Hey all! GREAT SITE by the way!

I'm a long time saltwater fisherman from San Diego who's moved to Texas. I never really considered offshore fishing in Texas, so before I moved I sold all my gear (bad move!). 

Recently, I've been considering starting up my gear collection again, and I figured I'd start with some gear that I can use on the party boat trips out of Port A.

I will be re-building one outfit at a time, so I was thinking I might go with something that I can jig with to start.

In doing some internet searching, it seems we have ourselves a really nice fishery here in the Gulf.

Thinking about something that will fish for Amberjack, Wahoo, Blackfin Tuna, Dorado (or is it Mahi?), red snapper. I'd like it to be heavy enough that I can also fish for yellowfin.

I know that no such rod exists to fish all species, but if you veterans of Gulf Jigging could chime in...

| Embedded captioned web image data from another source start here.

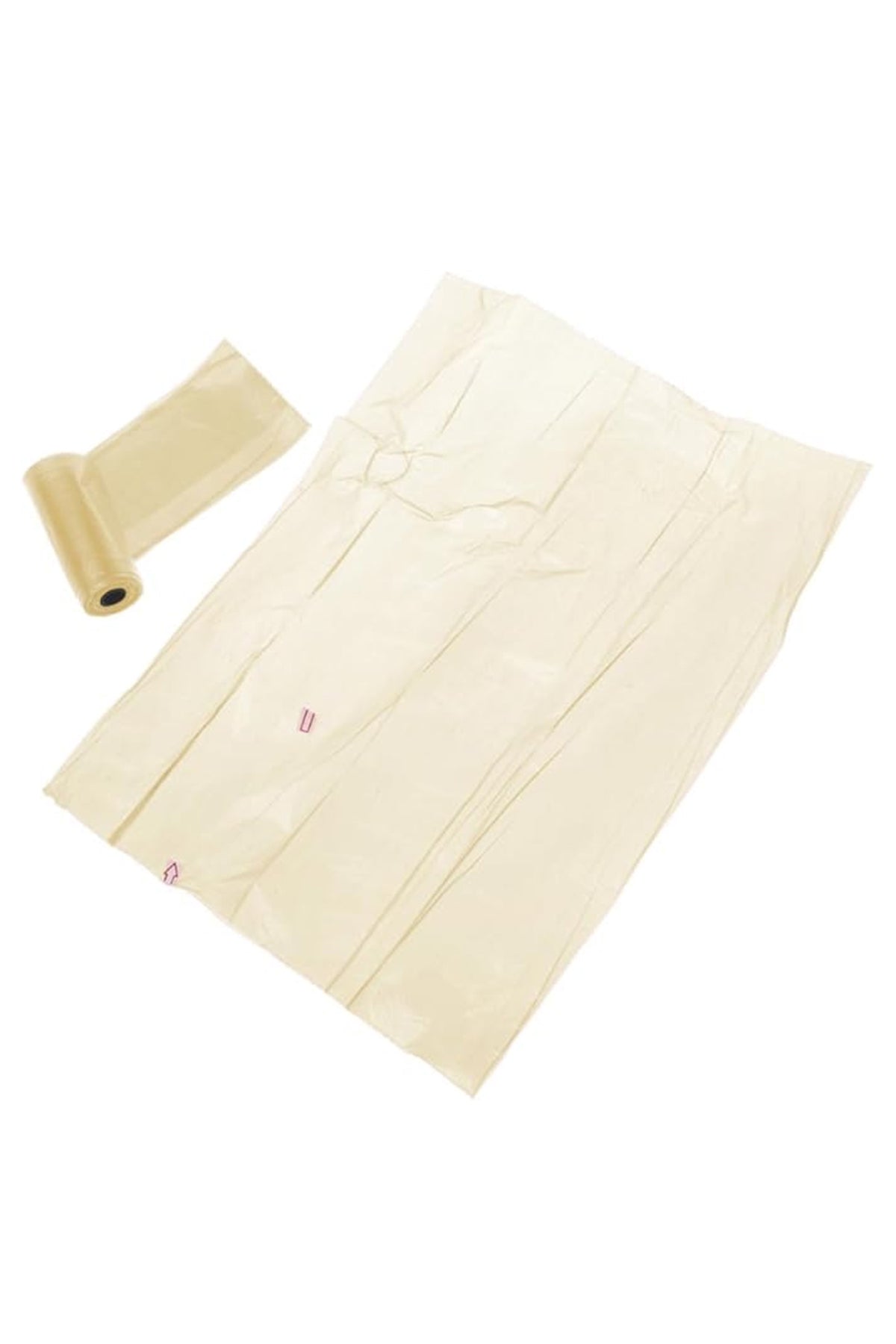Star Babies - Scented Bag 150pcs w/ Dispenser - Ivory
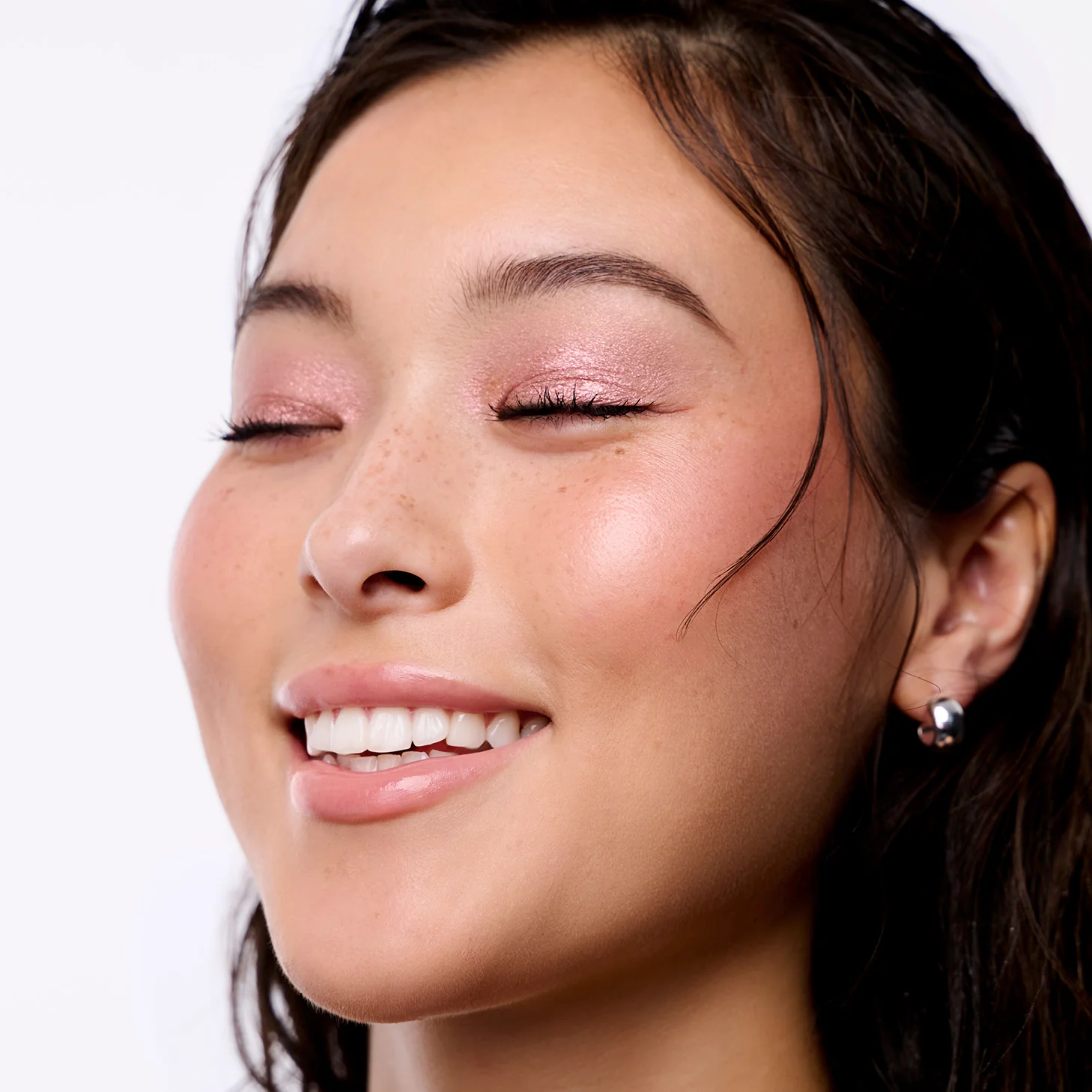 IYKYK Eyeshadow Stick - Pink Quartz - Image 2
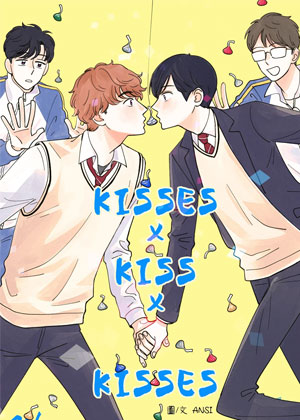 Kisses x Kiss x Kisses
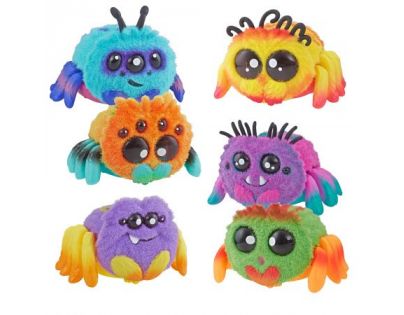 Hasbro Yellies Pavouk oranžový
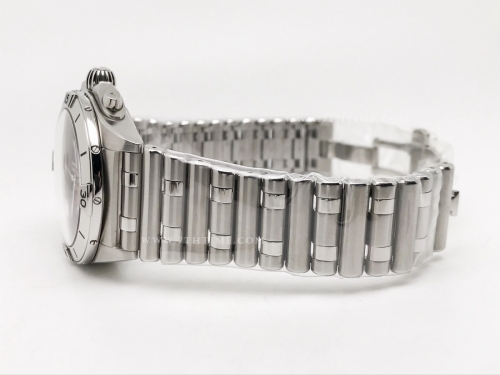 Chronomat B01 V2 SS/SS Brown/Blk/Stk TF Asia 7750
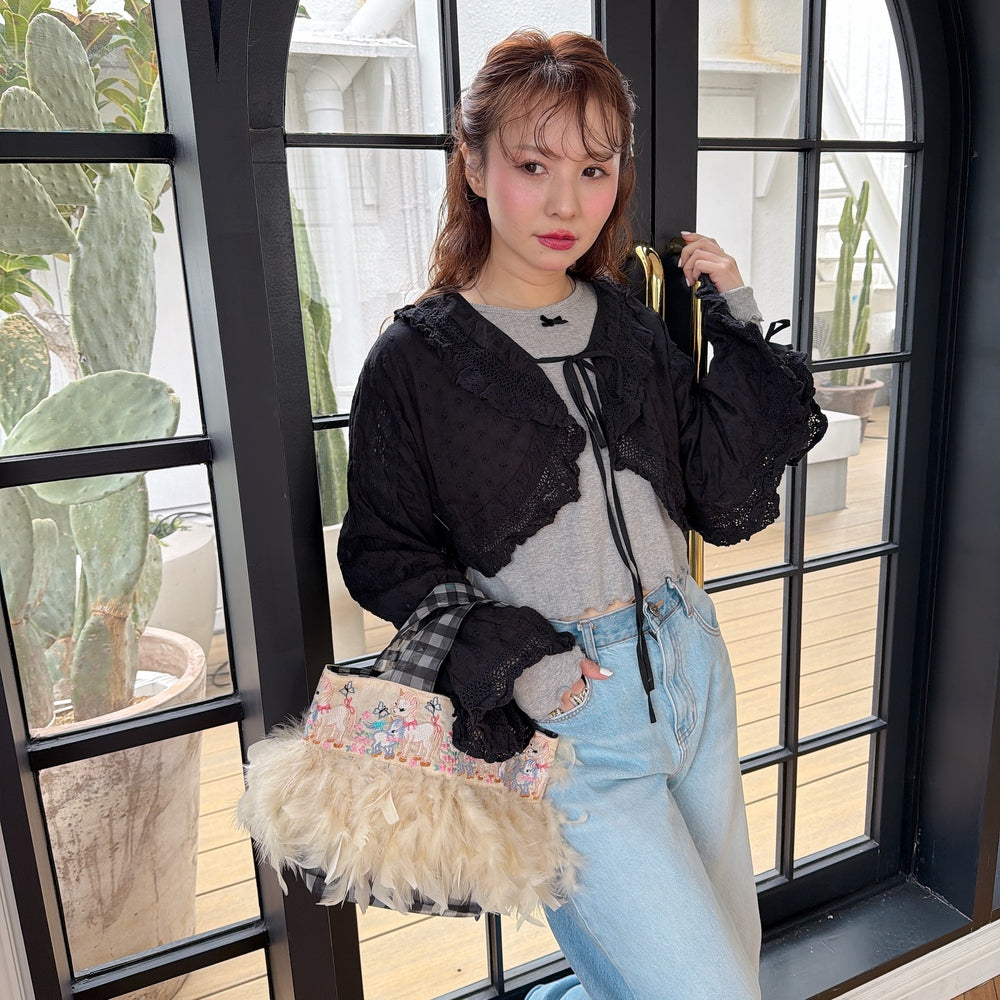 ★Mellow Ribbon ロンT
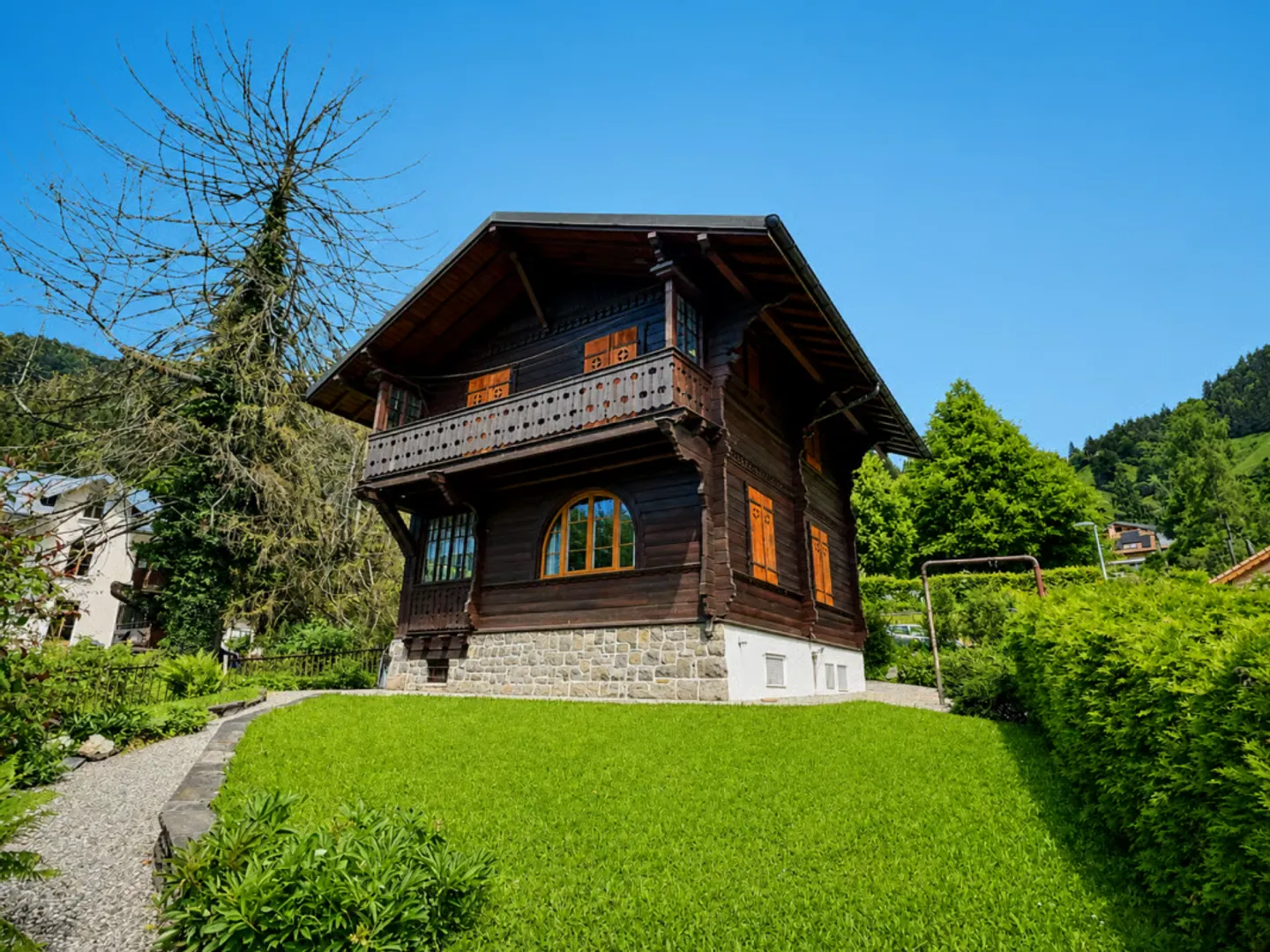 Chalet mit großem Potenzial, Les Avants - Photo 18 of 19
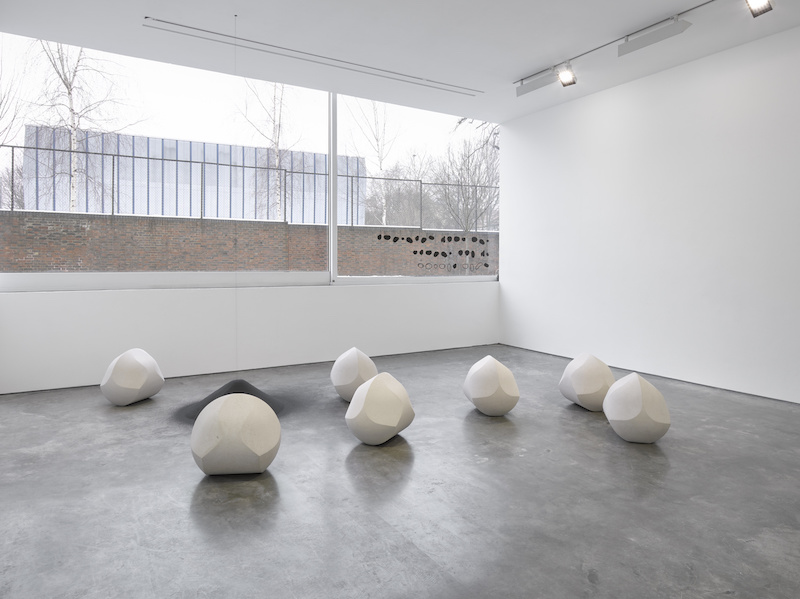 Ryan Gander: The Self Righting of All Things, Lisson Gallery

If you had to pick just one outfit that could reasonably fit into the category of jigging for these species, what would it be?

I was thinking a Black Hole Cape Cod Special acid-wrapped with something along the lines of a PE7 or PE8 type of reel. 

Any thoughts on this? And thanks again for making a kick-*** site!


----------



## hog

Welcome to the site.
Your choices sound outstanding and above the average of a person starting.

Jigg'n is soooooooo addictive. 

Heres about the most knowledgeable written information anywhere about jigging from A-Z
Good Luck, Let us know how it goes..
GMans Jigg'n Bible 101


----------



## ksong

Slow Pitch jigging rods might be for you. 
Black Hole Cape Cod Slow Pitch B581 jigging rod is only 5 oz, but you can land from red snapper to tuna with the light rod.

Here are pictures of fish I landed with the rod. Due to new technologies and new materials, it become possible to catch small fish to tuna with one rod.













80 - 90 lb yft


----------



## KWGerald

Thanks Hog and Kil! Leaning towards a Maxel Sea Lion OSL 10. Also considering an Avet MXJ or HXJ, but I hear they don't have infinite anti-reverse.


----------



## NaClH2O

KWGerald said:


> Thanks Hog and Kil! Leaning towards a Maxel Sea Lion OSL 10. Also considering an Avet MXJ or HXJ, but I hear they don't have infinite anti-reverse.


I would advise against the HX reel. I have one (regular width, not narrow) and it's a big reel, plus with all the line it holds it's heavy. I'm thinking of getting rid of it because it's just too big and too heavy for most of the fishing I've been doing offshore. If you're going after big tuna, it would be perfect. I just found that I haven't been able to do that so I'm in the process of downsizing my gear. My advice is to start small and light and move up to bigger stuff if necessary.


----------



## J.R

As far as jigs we have been doing well with jigs from striker tackle.com. They also have great prices


----------



## KWGerald

NaClH2O said:


> I would advise against the HX reel. I have one (regular width, not narrow) and it's a big reel, plus with all the line it holds it's heavy. I'm thinking of getting rid of it because it's just too big and too heavy for most of the fishing I've been doing offshore. If you're going after big tuna, it would be perfect. I just found that I haven't been able to do that so I'm in the process of downsizing my gear. My advice is to start small and light and move up to bigger stuff if necessary.


Pretty much ruled out the Avet line, especially until they address the anti-reverse (or lack thereof) issue. The Hoo-X is great, but in retrospect, it's most likely NOT the type of reel I'll be using on the Party Boats. When I'm rich enough to afford a boat for myself to do these floater trips I might be more inclined to get one for chunking / live baiting.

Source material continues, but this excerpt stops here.